Just my humble opinion.

Mike


----------



## PDX_Doug

Hi Tazzy,

First off, welcome to Outbackers!








We are glad you found us! It's a great group of people around here, and I'm sure we can find somebody that can answer most any question you may have.









I think in my mind, the question would be "What can't you tow?" And the answer is not much. From a capacity point of view, an F-350 diesel is as stout as anything on the market, and should easily handle whatever you settle on. If there is any weak link in your setup at all, it would be the single rear wheels, and frankly, that is only going to be a significant issue in the very biggest of fifth wheels (way bigger than anything Outback offers).

As was mentioned earlier, there may be other size concerns that rear their ugly heads, long before the trucks capability becomes an issue.

Happy Trails,
Doug


----------



## Calvin&Hobbes

tazzy said:


> What's realistic for us to look at since we'll be buying our first fifth wheel as soon as we find the right vehicle? How long is too long?
> 
> Thanks!


Pretty much anything you want!


----------



## camping479

Welcome to outbackers!

Best way to figure how much pin/hitch weight you have room for is to load your truck as you would for a trip, full fuel, passengers, etc. Find a scale and weigh your truck, then subtract that weight from the GVWR on the driver's door and that is your available payload. Available payload should be pretty substantial with a 350 but at least you will know how much pin weight you have room for, some 5er pin weights can get up there.

Mike


----------



## Colorado Outbacker

Hi









The only thing you have to worry about when pulling with an F350 is forgetting your pulling something in the first place. Along with pulling the Outback, we take the topper off in the summer and haul a four wheeler in the back as we search the Rockies for great camping spots, oh and occasionally in the winter too. Yea we have chains for all four tires and will soon have chains for the Outback as well.

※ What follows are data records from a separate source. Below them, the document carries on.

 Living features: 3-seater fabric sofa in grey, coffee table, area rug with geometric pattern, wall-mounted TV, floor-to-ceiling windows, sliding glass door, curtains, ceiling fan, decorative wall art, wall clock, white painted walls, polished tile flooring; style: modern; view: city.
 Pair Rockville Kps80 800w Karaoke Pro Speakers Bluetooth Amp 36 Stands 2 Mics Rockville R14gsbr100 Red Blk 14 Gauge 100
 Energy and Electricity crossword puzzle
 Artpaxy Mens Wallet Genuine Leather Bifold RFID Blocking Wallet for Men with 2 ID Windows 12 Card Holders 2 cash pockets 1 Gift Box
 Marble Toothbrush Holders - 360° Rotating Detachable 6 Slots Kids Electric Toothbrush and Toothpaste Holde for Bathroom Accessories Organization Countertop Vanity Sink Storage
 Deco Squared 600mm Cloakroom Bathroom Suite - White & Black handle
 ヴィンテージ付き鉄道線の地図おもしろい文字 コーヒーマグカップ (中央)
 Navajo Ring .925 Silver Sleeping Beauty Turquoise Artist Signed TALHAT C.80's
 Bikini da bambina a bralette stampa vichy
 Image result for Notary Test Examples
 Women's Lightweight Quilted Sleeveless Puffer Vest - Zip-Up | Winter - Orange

Welcome aboard and have a great time camping!!!
Tony

Here is a shot of our F350 on top of Wolf Creek Pass in Southwest Colorado a few hunting seasons ago.


----------



## rms0726ea

As stated above, find out the pin weight of the 5th wheel and this will be the weight put on the truck from the camper. Then add any weight from passengers, cargo & fuel. You'll find that the total combined weight from these items will work fine for your truck on about 90% of the 5th wheels out there. Hell, you might be able to pull a boat behind there also......

*
Nice Snow Truck Tony!!!*


----------



## Oregon_Camper

Guessing you could tow my TV *AND* my Outback with that Truck....


----------



## skippershe

Hi tazzy









Just wanted to say.....








to Outbackers!! 

Congrats on that big new truck too!









Happy Outback shopping,


----------



## Joonbee

First of all welcome. You are in the right spot to ask questions. I have an 05 f250 Diesel. I just converted it to an F350. New rear over load springs and the F350 blocks. Can never be to big, right? Well the RV dealer installed my hitch and said " I would probably be ok". I said PROBABLY. Well they said I was a little high, but would be ok. Our 5er (29FBHS)should sag the truck about three inches. There was a whole formula they had for it. You need like 5" between the bed and the trailer. So, you don't have to worry about dips in the campgrounds, where you may hit the bed. The Ford dealer also told me that they had a recall on some years (I don't think the new ones) F350's, because they were to high for fifth wheels and had to be shimmed down.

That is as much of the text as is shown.